A mãe, Simone Baldoino, conta que a filha tentou diversas atividades antes de se identificar com a arte marcial.
“Ela sempre quis o jiu-jitsu, mas existia aquele preconceito de ser um esporte masculino. Tentamos ballet, ginástica, mas não era isso. Quando ela começou no jiu-jitsu, tudo mudou: conversa mais, brinca, faz amizades. Era o que ela precisava”, relata.
Rafaela confirma a paixão pela modalidade e já projeta seu futuro no esporte.
“Gosto muito do jiu-jitsu. Ele ajuda na disciplina e na atenção. Quero disputar campeonatos e ser atleta”, diz a jovem.
O projeto, que atende 147 alunos entre 6 e 17 anos, oferece aulas gratuitas três vezes por semana, na Praça CEU. Para além da técnica, o ambiente de treino valoriza disciplina, respeito, trabalho em equipe e convivência elementos que contribuem diretamente para o desenvolvimento social e emocional das crianças.
A coordenadora de jiu-jitsu, Marlene Lima, destaca o impacto positivo observado ao longo dos anos.
“O jiu-jitsu muda vidas. Temos alunos com ansiedade, autismo, e a evolução é clara. Os pais sempre retornam contando melhorias. Somos voluntários e fazemos isso porque acreditamos no poder transformador do esporte”, afirma.
A professora Paula Cardoso reforça que o acompanhamento vai além do tatame.
“Cobramos disciplina, educação e também o desempenho escolar. Conversamos com pais e alunos para que a postura ensinada aqui seja levada para casa e para a escola. O objetivo é formar não apenas atletas, mas cidadãos melhores”, explica.
Outro exemplo de transformação é Maria Cristina, de 13 anos, moradora do bairro Pantanal.
“Aprendi muita coisa aqui. O jiu-jitsu mudou muito pra mim.
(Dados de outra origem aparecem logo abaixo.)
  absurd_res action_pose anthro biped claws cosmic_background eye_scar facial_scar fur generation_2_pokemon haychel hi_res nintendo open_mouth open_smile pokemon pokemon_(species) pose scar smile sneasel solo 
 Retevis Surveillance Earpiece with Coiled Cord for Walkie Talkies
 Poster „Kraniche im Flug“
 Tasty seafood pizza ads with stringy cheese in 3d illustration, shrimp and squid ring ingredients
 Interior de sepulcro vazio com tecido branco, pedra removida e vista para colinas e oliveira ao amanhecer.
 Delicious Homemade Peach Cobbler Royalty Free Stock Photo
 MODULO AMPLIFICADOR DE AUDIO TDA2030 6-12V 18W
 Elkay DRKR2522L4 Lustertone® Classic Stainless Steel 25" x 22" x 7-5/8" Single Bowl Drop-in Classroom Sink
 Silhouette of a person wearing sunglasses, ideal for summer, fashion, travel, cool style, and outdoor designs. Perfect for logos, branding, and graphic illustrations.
Quero continuar e disputar campeonatos”, conta.
O projeto demonstra como iniciativas esportivas gratuitas podem contribuir para fortalecer vínculos, estimular hábitos saudáveis e criar novas perspectivas para crianças e adolescentes, oferecendo oportunidade, estrutura e acompanhamento próximo para quem mais precisa.